@Platform_Journalism The results are problematic but they not just singular, they are compounded I have found in my experiments. You have the underlying system of token generation being probabilistic with a temperature to create forced randomness becuase it creates more human like striings of text and is more believable.
On top of this you have a guiding principled prompt for most main stream systems that are more there for business purposes. So re-inforcing engagement and helpfulness as primary principles of what they deliver.
And further on top of this you have additional systems that may tweak both incoming and outgoing messages and controlling further injected context (you may not see) into the conversation. All together these pull away from particular elements that professionals should typically be after.
My view is that what is "professional" these days is more about feel than metric assessment. So LLMs are very good at create an emotional interpretation that many are happy enough with.
I have a recommendation for you to try if you haven't. Give Claude a try. It still has all the same issue, but I find Anthropic at least try to address some of these things better than ChatGPT or Gemini. They also at least try to do better research on demonstrating some of these concerns and what causes them.

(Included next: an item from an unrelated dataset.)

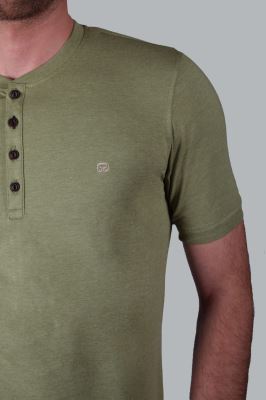 تی شرت چهار دکمه (160044)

Still far from perfect though.
As for what can they be used for. They are reasonable for being a rough sounding board. When I need to solve something technical like a function and it's syntax I will usually engage with it when it's something I'm not that familiar with to get ideas of things I should look for. I'd say I get a benefit like 1 in 5 things, but it's sometimes quicker than pushing through google. It's also better at summarising search results, which I can verify when I go to a link. So it has some uses.